To the editor:
Gov. Deval Patrick believes the process that gave the Gloucester Community Arts Charter School its charter was "sound," yet he has twice asked for a "re-do" ("Patrick: Probation 'right thing to do' for charter," Times, Page 1, Wednesday, Oct. 19).
Some readers might also think it's odd that Paul Reville, Patrick's own secretary of education, is one of the members of the Board of Elementary and Secondary Education whom Gov. Patrick claims won't listen to him.
Let me explain.
The charter was granted for the GCA Charter School because, as Secretary Reville told his Commissioner of Elementary and Secondary Education Mitchell Chester, the Patrick administration needed to grant at least one new charter in 2009 in order to maintain the viability of their political agenda.

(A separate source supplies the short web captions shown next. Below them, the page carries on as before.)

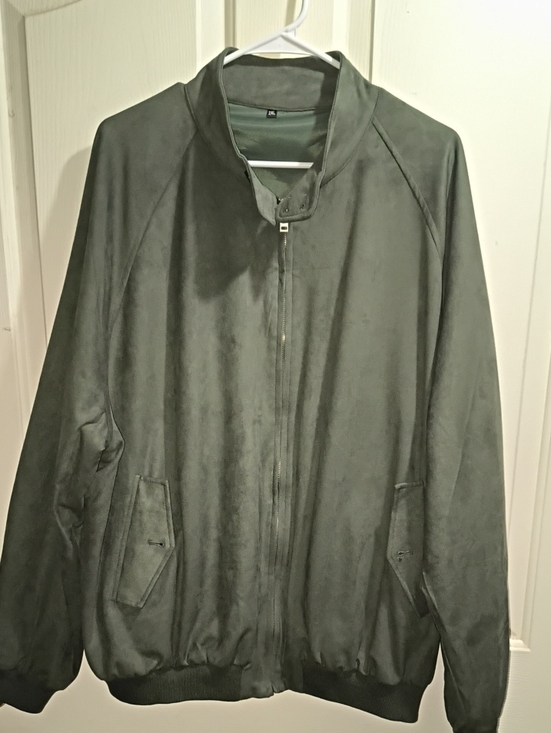 Other - Men's Suede-Effect Bomber Jacket - Dark Green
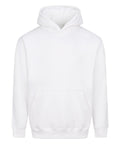 The Hoodies product is a plain white, long-sleeved hooded jumper with a front pocket, shown against a white background and made from soft, comfortable fabric.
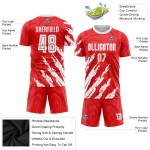 Uniform Weiß Fußball Custom Jersey Sublimation Rot Uniform Weiß Fußball Custom Jersey Sublimation Rot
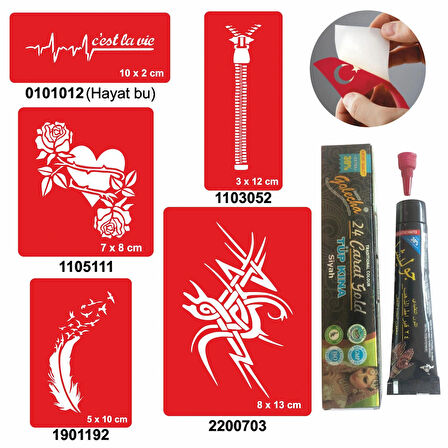 Örtücü  Desenleri Hint Kınası ile Geçici Dövme Yapma Seti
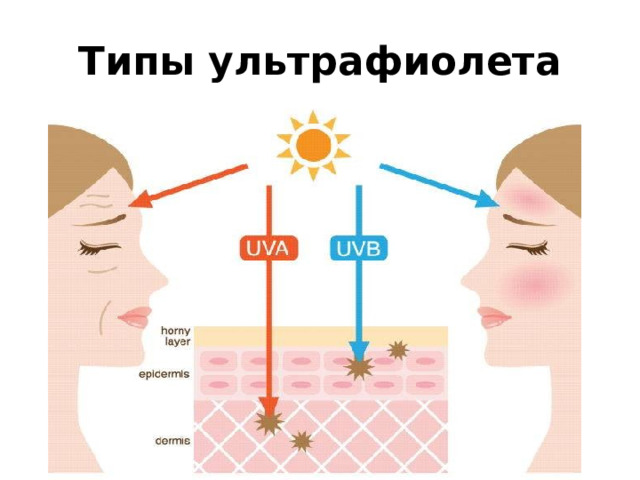 Типы ультрафиолета 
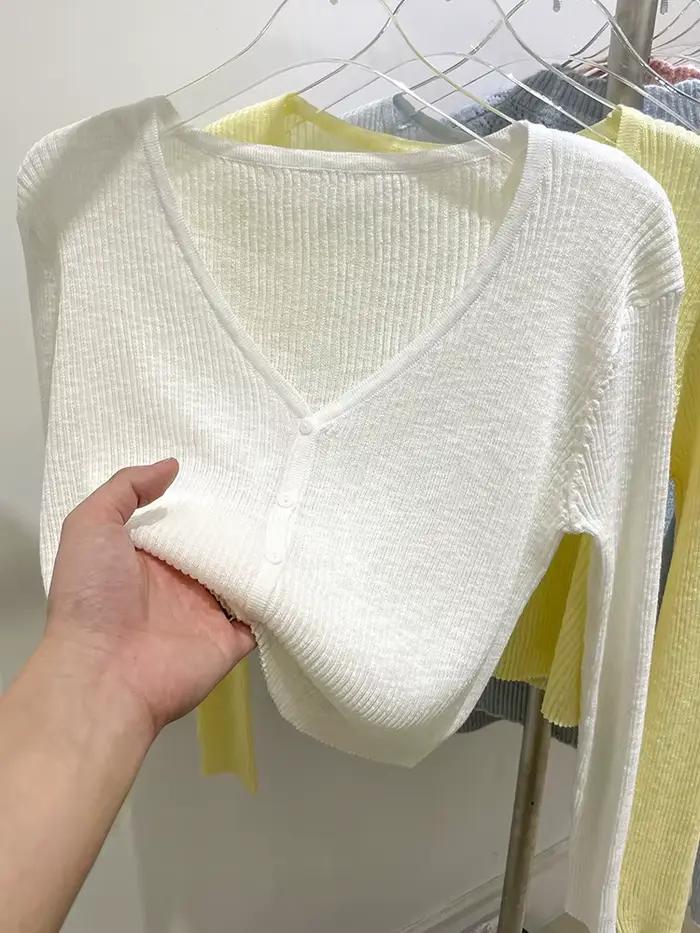 Cardigan Coréen Polyester Élégant Taille Unique Femmes Occasions Estivales Bureau Soirées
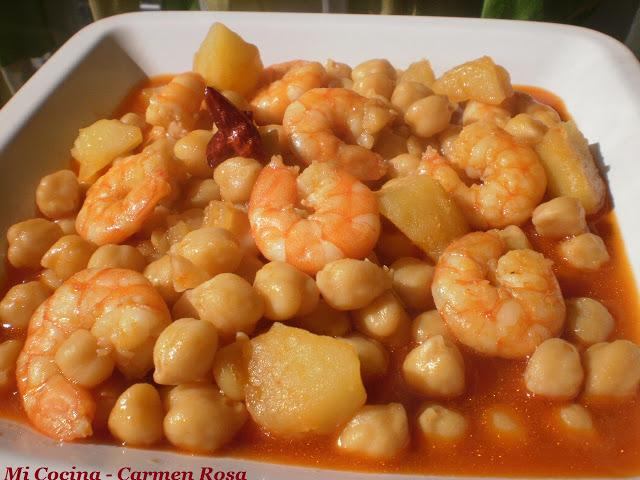 POTAJE DE GARBANZOS CON LANGOSTINOS AL PIL PIL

To Secretary Reville, the fact that the three finalists for new charters that year had been rejected by the Charter School Office's rigorous and independent evaluation process was an inconvenience.

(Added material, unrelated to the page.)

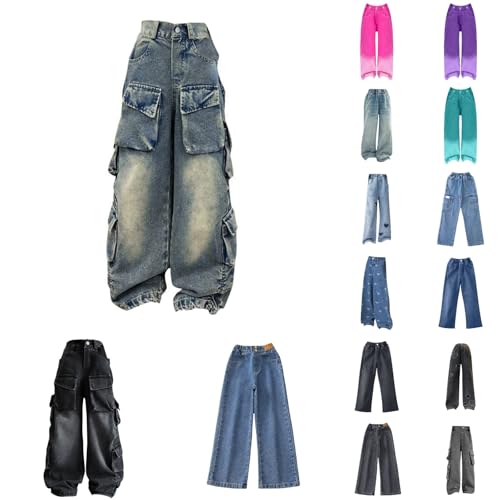 Betadog Girls Cargo Pants Parachute with Pockets Drawstring Elastic Kids Baggy Pants Hip Hop Youth 8-14 Years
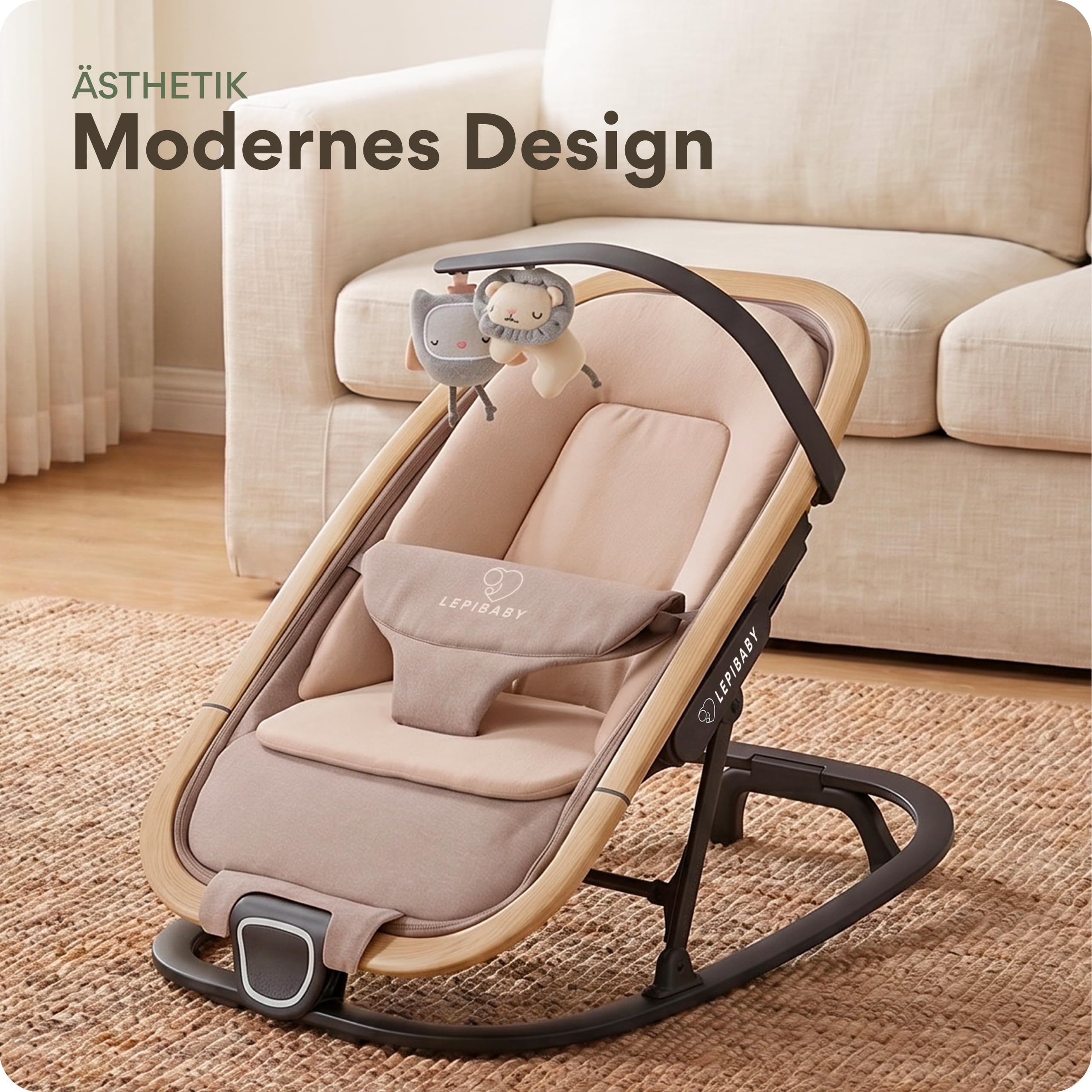 Babywippe Neugeborene, 0 bis 12 Monate, Baby Wippe, Baby Bouncer | Faltbarer Baby Rocker, Babyschaukel mit Spielbogen, Verstellbare Babywiege, Baby Schaukel leicht waschbar, FlexiBu Beige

This has been well documented, from news stories first reported in this newspaper to a scathing report from the state's Inspector General.

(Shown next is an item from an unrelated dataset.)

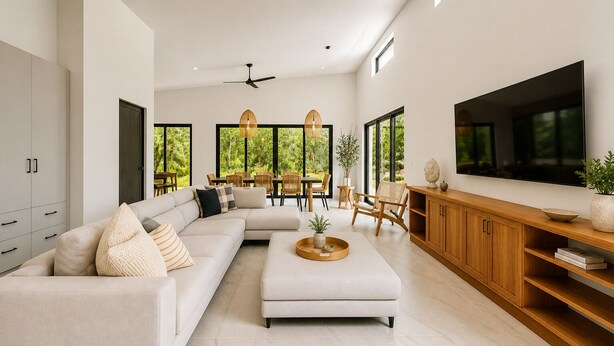 A modern living room with a sofa, ottoman, wooden cabinet, and a TV. - Large Modern 3-BED house with pool, AC and WiFi in Uvita (Uvita)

Even Mayor Carolyn Kirk, whose position on the GCA Charter School is finely nuanced, knows this. She told the Gloucester Daily Times in the fall of 2009:
"This memo (from Reville to Chester) is evidence that the Gloucester charter school was granted based on political calculation rather than on educational merits. It also explains why the commissioner overturned the state's charter review team's recommendation to deny the charter based on the weakness of the application. The Gloucester charter school should be stopped in its tracks now. I don't want my faith to beshattered in the Patrick administration."
Charter schools have been one of the hottest topics in education for the past few years. Gov. Patrick has made education a signature issue of his administration. He even has Secretary Reville's former chief of staff and director of his "Readiness Project" education initiative serving as his campaign manager.
The idea that Patrick's secretary of education went off on his own and decided that his administration's perceived political needs trumped the lack of merit in the those three applications for new school charters is hard to swallow.
Did Secretary Reville consult his boss before he made that call? Neither answer is a good one.
If anyone has been using children as political pawns in this mess, it is Patrick, Reville, and Chester.
Deval Patrick will not get my vote this year.